Well there goes another cute Dracula story
The story is pretty messy. A diplomat single dad (who it seems, have infinite amounts of money to travel) lives with his annoying teenage daughter who recently found a book which landed right on her lap, with a nice big fat dragon in the middle. In fact, the same thing happened to her father some years before, which scared the shit out of him. Her father, Paul, had an professor who also found the book but was scared shitless because the deeper he got into the story, the threats to his life became more and more real.
I’m not going to summarise the rest of the story for you because I simply can’t be arsed. There are three intertwining stories here from different generations, all of them searching for Dracula’s tomb. Sure, the premise is great, but the more you get into it, the more you realise that this is pretty cheap fiction that you can literally pick up right out of the ground. Oh wait.
The Historian scrapes the bottom of the barrel
The main issue I’ve got with the book is the fact that it’s pretentious as fuck. It’s like that one dude who’s lived and traveled to Europe, Swaziland, Sahara and Youranus and just couldn’t shut up. He doesn’t even tell it well. Call it a travelogue sure, but every chapter is a new city, new sights to see, and every time Kostova writes about these cities you just can’t help to wonder if she’s ever going to shut up. Just shut the fuck up hey.
And even though there are many characters in this book, they all feel generic. This is not really a new thing. If you look at the novels out of the same genre, let’s say Da Vinci Code, it suffers from the same insufferable boring-ass but trying to be badass characters. You can’t really give a shit about these people. You just can’t. And you gotta read about them cunts for 700 plus pages.
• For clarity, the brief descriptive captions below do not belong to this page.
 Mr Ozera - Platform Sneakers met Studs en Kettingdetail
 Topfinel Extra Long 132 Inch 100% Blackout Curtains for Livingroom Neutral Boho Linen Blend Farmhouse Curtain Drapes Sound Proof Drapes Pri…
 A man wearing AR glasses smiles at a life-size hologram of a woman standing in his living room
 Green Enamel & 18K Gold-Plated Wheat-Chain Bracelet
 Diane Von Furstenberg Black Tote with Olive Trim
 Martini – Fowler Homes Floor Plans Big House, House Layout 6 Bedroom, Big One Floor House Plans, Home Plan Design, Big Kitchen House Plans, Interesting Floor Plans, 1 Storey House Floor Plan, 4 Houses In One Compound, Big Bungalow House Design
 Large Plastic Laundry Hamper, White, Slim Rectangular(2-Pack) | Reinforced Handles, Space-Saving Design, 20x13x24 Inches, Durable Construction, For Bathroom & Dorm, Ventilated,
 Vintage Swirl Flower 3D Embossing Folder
The plot is full of conveniences that remind you — oh right, I’m actually reading a badly written novel. Sure the book says that coincidences happen for a reason. But that’s the fucking problem — that’s just lazy writing. The whole thing is easily readable within a few days because the writing is fucking lazy. There are no sentences here that make you go wow, yeah, that makes me feel things. You won’t feel good things reading this.
Just watch Castlevania, it’s better
If you’re obsessed with vampires and travelling to Europe and brag about it constantly, by all means pick up this shithousery. It’s like reading a cheaper version of Dan Brown, which isn’t great to begin with, or watching a long ass latter Indiana Jones movie with a way too old Harrison Ford. There is one positive out of all this though — that it makes me appreciate the game and series Castlevania more, because the legend of Vlad Țepeș, Wallachia and the fact that he’s one scary ass motherfucker is better told in the series. Therefore, just watch Castlevania the series and skip this book entirely.